His cathedral, consequently, was breathtaking. The massive stained glass windows on every wall depicting the story of Christ and the story of St. Patrick were intricate and masterfully crafted. The sculptures and structures and the architecture of the entire building was stunning. We stood on the grave of the famous satirical writer, Jonathon Swift, not to mention we beheld a bronze casting of his skull. (Somehow it's not as creepy while touring Europe.) We found the monuments to saints and kings and queens, writers and poets, priests and bishops. The stories and the symbols and the reasons for every structural embellishment were astounding. It was not hard to imagine why the cathedral took seven years to build... and then again, even that amount of time seems fast for such an edifice.
Trinity College was our next stop. The home of the Book of Kells. The Book of Kells is a beautiful volume of complexly illustrated pages and completely handwritten, and comprises the four Gospels: Matthew, Mark, Luke, and John. The pages are made of calfskin, the inks are still vibrant... oh yeah- and the book is also 1200 years old. To walk through the exhibits preceding the ancient book, itself, and reading up on how it was made and the incredible thought and work that the authors put into it, I was convicted of what first-world Christianity has become, today. Reading up on the lives of the Irish monks, I was speechless. They would shave their heads, which was the sign of a slave. They literally dedicated their lives to be slaves to Christ. The creed that was written up on the wall entailed all the duties of a monk: To forsake friends and family and be willing to part with them until death, to never find fault in meals, to never marry, and to be the living exemplification of love, joy, peace, patience, kindness, and every other Godly virtue. They had to be willing to answer the call of prayer and any time of the day or night. Many monks started out at the age of 15, and sacrificed the years of their lives to better worship God. What a lesson. Compared to what they were willing to give up, my sacrifices look like nothing. Compared to the severe fasts they endured, my gifts to God look pitiful.
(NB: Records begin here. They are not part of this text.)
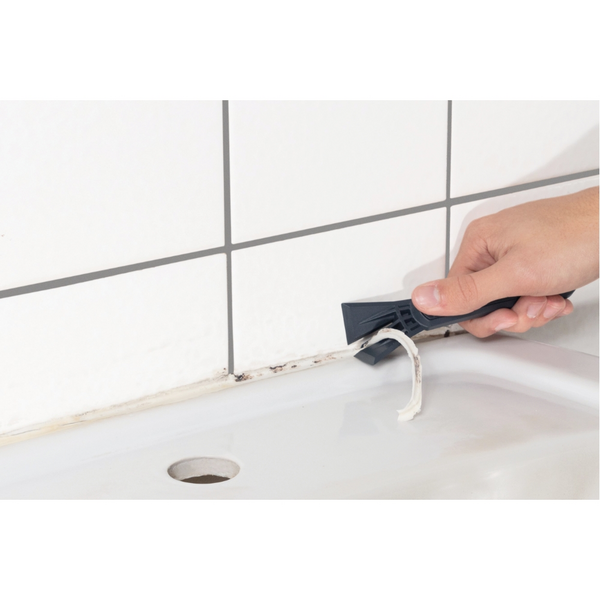 FOGSKRAPA & FOGUTJÄMNARE 4DEL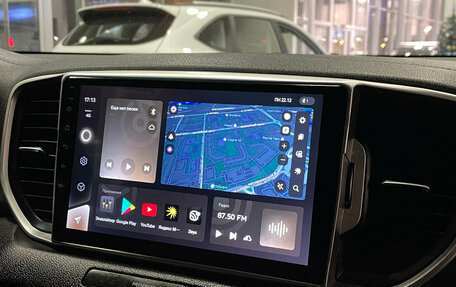 KIA Sportage IV рестайлинг, 2017 год, 1 749 000 рублей, 15 фотография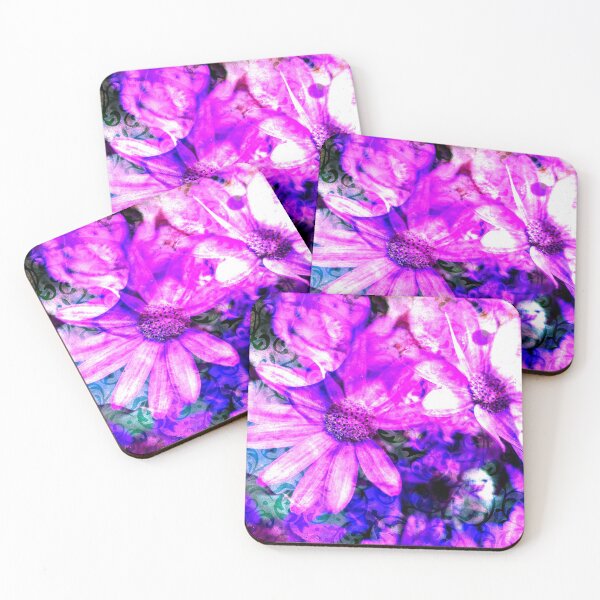 Item preview, Fuchsia Floral designed and sold by AntiqueImages.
But then I think of the woman with the two pennies. She gave hardly anything. But because it was her everything, it was worth so much more than the portions of wealth that were being dropped into the bucket. Of the time I dedicate to God, is it truly a sacrifice? Am I giving my two pennies, or am I giving buckets of money that have no value, because they're easy to give? After going to church all my life every Sunday, is going to church a sacrifice? Or is it the late nights when I turn to my Bible even in total exhaustion and force myself to read His Word that's the true sacrifice?
The rest of our day was devoted to exploring Dublin for ourselves. We were given five hours to split into smaller groups and roam wherever we pleased. It's such a cool thing to be able to say that I can now find my way around central Dublin with relative ease! The 400 ft spire in the centre of the city helps, but I'd rather say that I've walked up and down the streets enough time to know my way around. It was a grand time.
We visited the wool shops, the old bookshops, the museums, the galleries, the historical monuments, the bridges, and of course, the cafes. And after one more incredible meal in one more jolly pub, our time in Ireland is drawing to a close.
This country is marvelous. Beautiful in every way. This place has a natural charm about it that is unmistakable. For this country rich in culture, heritage, history, and character, I am thankful. To the lovely people along the way that put up with this rambunctious group of Canadians, I thank you. From Cork to Killarney to Sneem to Cashel to Dublin, it's been a truly forgettable adventure.
Ireland, you've been swell. Til we meet again!